Congreve returns to Ireland for most of 1696, where, with Southerne, he receives an MA from TCD, and probably visits his parents, then living at Lismore Castle, County Waterford. He also begins work on a tragedy entitled The Mourning Bride, which becomes an instant hit at Lincoln’s Inn Fields when it is first performed in February 1697 and running for thirteen nights. Despite his considerable success and popularity, he is deeply disconcerted by Jeremy Collier‘s aggressively anti-theatrical pamphlet, Short View of the Immorality and Profaneness of the English Stage (1698), which targets John Vanbrugh, Dryden, and Congreve. He is stung into a response, publishing Amendments of Mr. Collier’s False and Imperfect Citations (1698), which eloquently defends his dramatic methodology, but is rendered less effective by an emotional and ill-judged tone. His theatrical acumen seems to be at odds with the times, for in the dedication to his next play, The Way of the World, he observes that “little of it was prepar’d for that general taste which seems now to be predominant in the pallats of our audience.” Nevertheless, he is still bitterly disappointed by the disparaging response to its first performance on March 12, 1700. Dryden, however, realises the merit of the play, which is now recognised as Congreve’s masterpiece and a landmark in the dramatic tradition of the comedy of manners.
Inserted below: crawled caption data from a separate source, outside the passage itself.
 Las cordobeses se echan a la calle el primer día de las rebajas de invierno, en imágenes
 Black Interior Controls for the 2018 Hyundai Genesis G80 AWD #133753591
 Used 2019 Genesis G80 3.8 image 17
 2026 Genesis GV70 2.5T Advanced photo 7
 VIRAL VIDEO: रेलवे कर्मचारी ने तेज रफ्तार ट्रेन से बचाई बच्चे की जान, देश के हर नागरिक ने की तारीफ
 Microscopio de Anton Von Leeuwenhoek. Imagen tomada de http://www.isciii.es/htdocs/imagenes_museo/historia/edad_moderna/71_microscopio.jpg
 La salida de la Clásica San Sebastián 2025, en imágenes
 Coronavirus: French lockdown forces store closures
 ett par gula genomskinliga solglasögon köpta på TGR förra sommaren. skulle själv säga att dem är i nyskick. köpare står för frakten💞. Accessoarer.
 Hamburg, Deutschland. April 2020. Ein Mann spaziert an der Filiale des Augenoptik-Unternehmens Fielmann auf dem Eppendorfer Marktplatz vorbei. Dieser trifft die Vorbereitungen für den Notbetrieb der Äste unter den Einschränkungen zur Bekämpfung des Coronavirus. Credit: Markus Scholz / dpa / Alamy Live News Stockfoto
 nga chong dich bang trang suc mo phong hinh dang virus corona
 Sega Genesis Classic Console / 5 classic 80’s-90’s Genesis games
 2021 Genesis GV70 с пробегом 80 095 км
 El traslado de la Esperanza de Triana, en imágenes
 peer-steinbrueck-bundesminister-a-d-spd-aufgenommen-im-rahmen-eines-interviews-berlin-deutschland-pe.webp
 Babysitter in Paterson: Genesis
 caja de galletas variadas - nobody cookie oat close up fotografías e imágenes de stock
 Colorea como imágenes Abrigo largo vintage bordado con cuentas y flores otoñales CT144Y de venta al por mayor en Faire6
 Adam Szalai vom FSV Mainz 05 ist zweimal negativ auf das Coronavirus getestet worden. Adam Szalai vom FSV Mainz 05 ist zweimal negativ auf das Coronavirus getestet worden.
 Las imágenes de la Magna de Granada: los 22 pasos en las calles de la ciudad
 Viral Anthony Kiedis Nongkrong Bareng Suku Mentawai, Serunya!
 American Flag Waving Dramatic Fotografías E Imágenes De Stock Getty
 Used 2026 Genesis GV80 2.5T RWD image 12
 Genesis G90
Disheartened, Congreve abandons play-writing, but he maintains his theatrical connections and embarks upon several collateral projects, producing a libretto for The Judgement of Paris (1701), and collaborating with Vanbrugh and the poet William Walsh on a translation of Molière‘s Monsieur de Pourceaugnac, staged as Squire Trelooby at the Lincoln’s Inn Fields theatre in 1704. Less successfully, he makes an ill-advised investment with Vanbrugh in a new theatre and opera house in the Haymarket, from which he withdraws with financial losses in 1705. His opera libretto Semele, written for the opening of the new theatre, is not performed until 1744, when it is scored by George Frideric Handel, though John Eccles writes a score in 1707 which remains unperformed until 1972. In the early 1700s his relationship with Anne Bracegirdle falters, though they remain lifelong friends.

In 1710, Congreve publishes The Works of Mr. William Congreve in three volumes. He continues throughout his life to write poetry, ballads, essays, and other miscellaneous pieces. He remains active and influential in literary and theatrical circles, often assisting young writers such as Charles Hopkins, son of Ezekiel Hopkins, Bishop of Derry, and Alexander Pope, who dedicates to him The Iliad (1715). Financially, however, he becomes increasingly dependent upon various minor government posts. He belongs for many years to the celebrated Kit-Cat Club, alongside such prominent writers, wits, and whigs as Richard Boyle, 2nd Earl of CorkRichard SteeleJoseph Addison, Walsh, and Vanbrugh. Through the good offices of his friend Jonathan Swift, he retains his government position as Commissioner of Wines during the Tory administration of 1710–14. His party loyalty is rewarded in 1714 when he receives a lucrative government appointment as Secretary of the island of Jamaica. His personal life also improves around this time, as a friendship with Lady Henrietta Godolphin develops into a love affair that lasts for the rest of his life. They have one daughter, Mary (1723–64).

Congreve suffers for much of his life from gout and failing eyesight. These afflictions worsen with age, though friends remark that his cheerful temper survived unaffected. He is involved in a coach accident in September 1728, and dies January 19, 1729, at his home in Surrey Street, likely from a related injury. He names Francis Godolphin, 2nd Earl of Godolphin, his lover’s husband, as his executor, and bequeaths almost his entire estate to Henrietta, thereby discreetly leaving his property to his daughter. He is buried in Poet’s Corner, Westminster Abbey, on January 26.

Letters and manuscripts of Congreve are held in the Bodleian Library at the University of Oxford, the British Library, London, and the National Archives of Scotland. Several likenesses are in the National Portrait Gallery, London, including the portrait in oils shown above by Sir Godfrey Kneller (1709).